If you’ve never been to Earth Spirits, this El Paseo mainstay is a must-see for eclectic clothing and jewelry that wear like true/handmade/hand-crafted pieces of art.
By Lisa Marie Hart
Photography courtesy of Earth Spirits
Prepare for a sensory feast and a place to explore. Much like an art gallery or a museum, Earth Spirits takes shoppers on a unique journey once inside. Many pieces — other than conversation-starting pieces of home décor — can be tried on. No need to keep your voices low. Bursts of enthusiastic exclamation are a daily occurrence here.
Every inch of this always-evolving destination has been layered and curated in the artistic style of owner Denise Castilleja, who opened the boutique on El Paseo in 1991. Thirty years later, she maintains a loyal and diverse client base, including some who have been devotees since those very first seasons the shop was open.
At the time, every marvel of free-flowing fabric on the racks was one-of-a-kind. Today, much of them still are, offered in just one size or free size. Interspersed are a mix of tops, tunics, jackets, and pants by independent designers, many who incorporate an element of the human touch through hand-dyeing or piecework. Their creations reflect the soulful nature of the individual spirit who steps out in it. Many are made in the U.S., mingled in the beautiful company of garments from India, Israel, and Germany.
Pulled together by Castilleja in smart and alluring combinations, these pieces possess the power to transform how one feels about the day, week, or season. “It doesn't have to be high-end; it's just has to be fabulous in what it is,” Castilleja notes.
Undisputable as wearable pieces of art, each is as distinctive as the woman who falls in love with it.

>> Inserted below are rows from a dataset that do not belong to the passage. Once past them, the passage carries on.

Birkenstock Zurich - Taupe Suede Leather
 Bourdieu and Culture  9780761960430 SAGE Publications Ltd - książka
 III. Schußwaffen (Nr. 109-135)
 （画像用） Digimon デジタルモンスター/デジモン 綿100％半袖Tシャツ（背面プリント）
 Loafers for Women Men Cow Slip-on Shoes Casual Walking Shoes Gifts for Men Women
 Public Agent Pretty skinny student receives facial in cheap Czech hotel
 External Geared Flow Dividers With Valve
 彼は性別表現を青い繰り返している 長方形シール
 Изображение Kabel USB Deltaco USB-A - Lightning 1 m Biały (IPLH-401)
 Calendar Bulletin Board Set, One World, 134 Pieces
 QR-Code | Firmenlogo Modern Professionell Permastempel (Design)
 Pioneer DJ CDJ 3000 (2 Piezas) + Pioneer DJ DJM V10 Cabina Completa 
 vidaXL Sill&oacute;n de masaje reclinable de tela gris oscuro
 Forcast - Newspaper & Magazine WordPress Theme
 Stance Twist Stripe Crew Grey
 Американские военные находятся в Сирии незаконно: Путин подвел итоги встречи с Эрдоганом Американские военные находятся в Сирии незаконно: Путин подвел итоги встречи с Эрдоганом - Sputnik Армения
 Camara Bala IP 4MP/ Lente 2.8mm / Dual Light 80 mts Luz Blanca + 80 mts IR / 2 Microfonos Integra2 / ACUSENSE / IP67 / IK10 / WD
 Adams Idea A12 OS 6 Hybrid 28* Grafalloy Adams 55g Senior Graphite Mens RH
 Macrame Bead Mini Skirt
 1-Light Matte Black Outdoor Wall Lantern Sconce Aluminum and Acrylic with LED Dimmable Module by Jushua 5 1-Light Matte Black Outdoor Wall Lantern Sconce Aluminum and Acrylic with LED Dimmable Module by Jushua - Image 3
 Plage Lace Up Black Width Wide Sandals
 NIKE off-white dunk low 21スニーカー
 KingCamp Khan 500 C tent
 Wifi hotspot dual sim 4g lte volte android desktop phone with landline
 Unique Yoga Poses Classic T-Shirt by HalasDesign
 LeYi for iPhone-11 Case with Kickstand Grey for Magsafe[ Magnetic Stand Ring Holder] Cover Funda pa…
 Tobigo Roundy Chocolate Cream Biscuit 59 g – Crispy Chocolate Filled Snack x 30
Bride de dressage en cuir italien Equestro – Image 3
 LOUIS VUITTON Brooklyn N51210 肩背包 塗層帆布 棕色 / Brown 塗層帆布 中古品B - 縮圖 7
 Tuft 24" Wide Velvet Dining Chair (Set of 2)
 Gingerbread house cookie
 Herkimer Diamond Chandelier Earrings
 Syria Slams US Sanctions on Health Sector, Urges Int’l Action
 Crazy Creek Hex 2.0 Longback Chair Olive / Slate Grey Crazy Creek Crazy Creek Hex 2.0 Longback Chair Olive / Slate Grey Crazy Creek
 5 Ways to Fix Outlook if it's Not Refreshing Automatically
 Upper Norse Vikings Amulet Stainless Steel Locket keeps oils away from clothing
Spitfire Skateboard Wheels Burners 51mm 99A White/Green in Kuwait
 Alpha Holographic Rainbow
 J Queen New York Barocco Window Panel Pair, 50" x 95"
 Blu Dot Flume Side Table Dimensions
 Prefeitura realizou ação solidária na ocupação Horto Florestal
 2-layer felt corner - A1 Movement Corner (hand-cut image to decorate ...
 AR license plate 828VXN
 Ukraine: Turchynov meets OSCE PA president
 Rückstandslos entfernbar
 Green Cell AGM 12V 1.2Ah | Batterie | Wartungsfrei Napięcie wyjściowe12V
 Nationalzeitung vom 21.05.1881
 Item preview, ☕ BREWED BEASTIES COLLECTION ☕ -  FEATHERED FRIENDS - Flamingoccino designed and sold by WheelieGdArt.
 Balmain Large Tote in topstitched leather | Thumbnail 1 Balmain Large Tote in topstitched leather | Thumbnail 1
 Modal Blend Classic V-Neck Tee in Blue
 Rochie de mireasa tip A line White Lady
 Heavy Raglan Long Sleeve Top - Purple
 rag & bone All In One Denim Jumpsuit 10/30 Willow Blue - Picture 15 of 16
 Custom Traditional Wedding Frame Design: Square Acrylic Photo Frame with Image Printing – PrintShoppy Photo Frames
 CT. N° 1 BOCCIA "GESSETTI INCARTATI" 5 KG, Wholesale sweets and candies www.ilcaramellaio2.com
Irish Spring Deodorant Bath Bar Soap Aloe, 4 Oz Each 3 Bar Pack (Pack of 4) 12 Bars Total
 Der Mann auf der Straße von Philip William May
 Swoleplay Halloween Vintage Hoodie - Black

Whether simple or ornate, they can be worn in ways that reinvent current pieces you wear most. Everything at Earth Spirits is open to personal interpretation.
“What drives me is seeking out and finding creativity,” Castilleja says. “It’s all about how people express that and turn it into something wearable or functional. And then being able to bring that in and share it with people.”
From nubby, loose-knit sweaters and embroidered dusters to patchwork pants, gauzy blouses and scarves in wool, Italian lace, and chiffon, a parade of textures add to the shop’s magnetism. Don’t forget to browse the shoes and a line of durable handbags made using marine upholstery.
Peeking from between the apparel are treasures for the home that trigger inquiries of the stories behind them. Animal masks handmade by artists both in the U.S. and in Africa, a child’s primitive carved-wood canoe, de Los Muertos vignettes from Mexico. The cultures all blend beautifully.
But it’s the jewelry cases where shoppers abandon all sense of time. It’s easy to lose oneself perusing the objects and pondering the technical skills and inspiration behind each design. Many are crafted by full-time juried artists, some that have been in The Smithsonian, and other are antiques from Papua New Guinea and Northern Africa.
Earrings of crushed quartz set in resin glisten among works in ceramic, aluminum, sterling silver, semi-precious and precious stones, pearls, paper, and glass. Sharp observers notice the earthy surface scattered across the bottom of the cases: black beans, white rice, and split peas.
An artist in upstate New York is behind necklaces stacked with thick squares of felt and an oversize bauble of hand-blown glass. A line of watches could be mistaken for aged antiques unearthed from the Titanic. A brooch on a stand serves as sculpture when not on a lapel. Some take them home for the art-factor alone.
“It’s never been a job for me, or even felt like hard work,” Castilleja says. “It has always felt like an extension of me and my life,” which is just how shoppers feel about the clothing, jewelry, and décor.
From the entrance through to the dressing rooms, there is so much to see and explore. As gifts or new favorites, these gems capture the imagination of anyone who appreciates art, fashion, global perspectives, or all of the above. For three decades, word of mouth has drawn curious customers through the doors. You’ll often hear them saying as they go: “Thank you, Denise. That was so much fun. Now I have to go tell my friends about your shop!”